I just placed a order today. I'm with you, hope it shows how to train on a soda pop budget


----------



## Charles C. (Nov 5, 2004)

You can teach skills, establish high standards and good habits, and develop a rapport with your dog training alone, but your dog will never reach its competitive potential if you don't challenge those skills and standards in new places in group situations. I've learned that "dirty secret" of training alone the hard way.


----------



## RetrieversONLINE (Nov 24, 2005)

Nate_C said:


> He was at last years Lardy transition seminar and did at 2-3 hour preso on training alone. He is a great amature handler and a nice guy. Some of it was good but the problem is that training alone isn't much of a problem with you have 9 remote wingers, 3 remote gunners, 4-wheeler, pen full of ducks, 50 acres with 3 technical ponds....ect... which is what alot of the drills he showed us used. The challenge is what do you do when your limited on these things. I hope this video does that. I am very interested to see.


In the Workshop last spring, I only gavve 1 demo using special equipment. Mostly, I showed things you can do without equipment.The new DVD will show you how to throw marks yourself without any special equipment. It will also show you drills and exercises that you can do alone without equipment to advance your dog. However, if you have aspirations to be competitive in all-age field trials, you will need to simulate mutliple gunner tests on a regular basis and this will require either a training group or remote devices. I illustrate that in the DVD. I do think you could train for Hunt tests alone the majority of the time and then get together weekly with a group. However for advanced field trial work, you will likely need more frequent exposure to the bigger set-ups. 

Perhaps most important when training alone is the way you balance your work and pay attention to principles of training, attitude, control and your own handling practices and standards. I talk a lot about these in the 80 page book that goes with the DVD. Don't just watch the DVD!! Still looks like shipping might not be until March!


----------



## Chad Clagg (Jul 8, 2006)

Could someone please give me a table of contents on this video? I am interested but I would like to know what the topics are before I purchase.


----------



## Nate_C (Dec 14, 2008)

Sorry I hope my comment didn't come off as to negitive. I actually really enjoyed your sections of the seminar.
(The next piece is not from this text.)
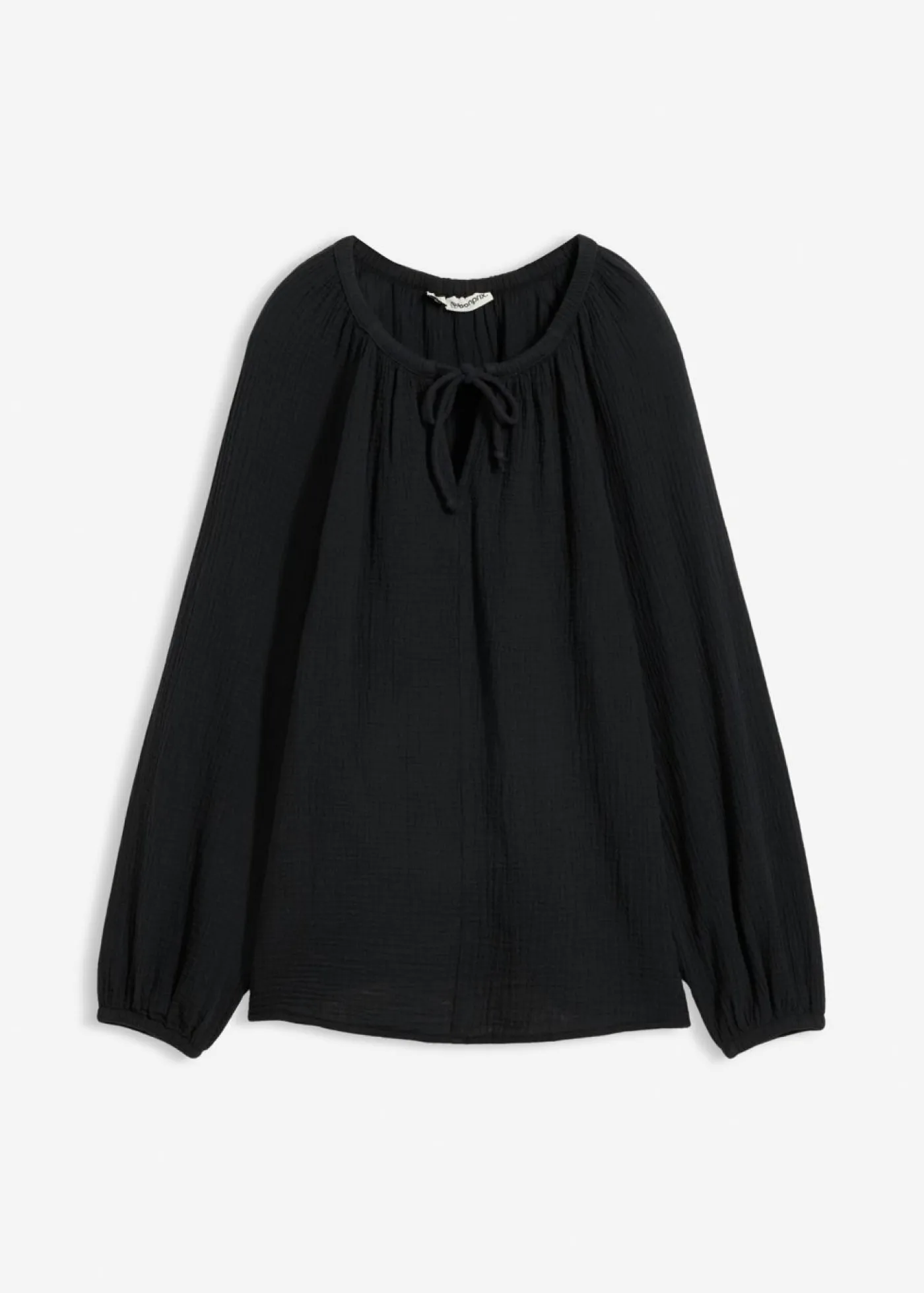 Outlet Blusa sin cierre de muselina ligera Mujer Camisas Y Blusas|Novedades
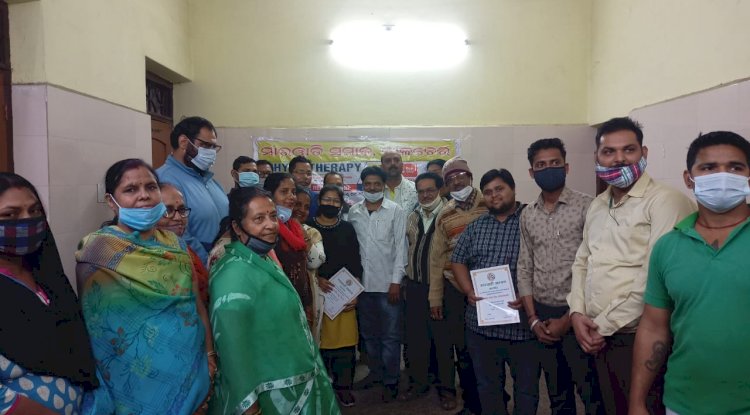 मुफ्त फिजियोथेरापी शिविर का आयोजन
I recall 2 specific sections. One was using the equipment and the other was at that amazing technical pond which I guess my comments were based on. I also recall after the equipment presentation you showing the drill where you walked out on each throw which was very useful. I didn't mean to deminish your insight into the game. I guess I was making a general comment about training alone. 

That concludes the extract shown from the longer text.